一度作ったキャラを転生させるか、周回ボーナスで手に入るポイントがないと無理なの?
◆
「……ばいばい。また明日」
「おう、じゃあな」
校門まで頸野と二人で向かい、その先で別れる。
手を振る彼女の顔が蒼白になっているのが気になったが、多分貧血のせいだろう。
だってあいつ、俺が玄関で下履きに爪先を通している時にも「……わたしはあと二回吐血を残している」とかなんとか言ってその場で本当に二回血を吐き出しやがったし。
今日だけでも何回吐血したのか分からないくらいだ。
アレでよく身体が持つものだ。
常人なら普通とっくに死んでる量だったぞ。
実は身体が強靭なんじゃないか?
ともあれこうしてまた一人、頸野哭という少女の知り合いが増えた。
後はこれが死り遭いにならないことを祈るばかりである。縁起でもない。
余談だが、この話には情けないオチがあったりする。俺が帰路についた矢先のことだ。
「——待ちたまえ君、その服はどうしたのかね!」
警官に止められた。
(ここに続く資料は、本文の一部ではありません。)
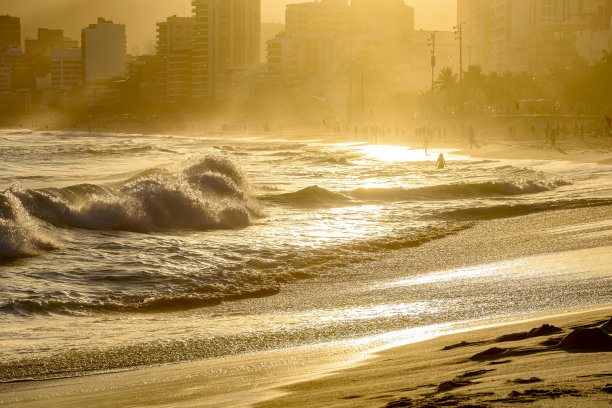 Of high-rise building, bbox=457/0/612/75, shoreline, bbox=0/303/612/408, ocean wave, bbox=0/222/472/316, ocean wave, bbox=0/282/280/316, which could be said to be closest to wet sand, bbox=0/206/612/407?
shoreline, bbox=0/303/612/408

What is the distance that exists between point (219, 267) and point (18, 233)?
3708 mm

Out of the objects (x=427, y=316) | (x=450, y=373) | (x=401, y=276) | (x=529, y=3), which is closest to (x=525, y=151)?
(x=401, y=276)

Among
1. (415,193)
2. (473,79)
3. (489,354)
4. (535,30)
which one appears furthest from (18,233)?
(535,30)

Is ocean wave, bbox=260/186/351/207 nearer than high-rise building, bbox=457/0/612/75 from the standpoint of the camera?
Yes

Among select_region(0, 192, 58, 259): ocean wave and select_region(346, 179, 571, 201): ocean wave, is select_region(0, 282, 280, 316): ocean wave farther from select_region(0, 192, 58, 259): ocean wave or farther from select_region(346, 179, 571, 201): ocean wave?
select_region(346, 179, 571, 201): ocean wave

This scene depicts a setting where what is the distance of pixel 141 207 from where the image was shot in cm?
1812

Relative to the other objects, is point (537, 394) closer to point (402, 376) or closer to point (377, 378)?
point (402, 376)

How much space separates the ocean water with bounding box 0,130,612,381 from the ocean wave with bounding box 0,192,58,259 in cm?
3

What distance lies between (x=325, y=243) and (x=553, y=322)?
8832 millimetres

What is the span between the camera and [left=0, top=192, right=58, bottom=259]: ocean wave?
44.8ft

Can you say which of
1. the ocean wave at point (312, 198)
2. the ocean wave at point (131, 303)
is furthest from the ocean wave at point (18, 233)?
the ocean wave at point (312, 198)

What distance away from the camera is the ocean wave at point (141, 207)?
56.3ft

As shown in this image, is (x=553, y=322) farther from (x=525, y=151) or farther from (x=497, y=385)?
(x=525, y=151)

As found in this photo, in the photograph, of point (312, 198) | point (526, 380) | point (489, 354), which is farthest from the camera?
point (312, 198)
へ、服? 慌てて身なりを確認すると、
「あ、やばっ、忘れてた!」
俺のワイシャツにはべったりと頸野の血が付着していたことのだった。
今までなんとも思わなかったが、そりゃあ道行く人とすれ違うたびに目を背けられるはずである。
「ちょっと署まで同行願おうか」
後悔しても遅かった。
なされるがまま俺は連れられ、事情聴取を受けるハメになった。
警察署で身の潔白を散々訴えたが警官は難色を示すばかりだったので、仕方なく頼みこんでなんとかかんとか頸野を呼んでもらい、直接本人の口から事実釈明とついでにこの場で吐血をしてもらう運びとなった。
一応誤解は解かれ事件性はなしとのことで釈放されたのはよかったのだが、このことで頸野に笑われたのは理不尽だなあと思いました。
頸野……恐ろしい子! まる。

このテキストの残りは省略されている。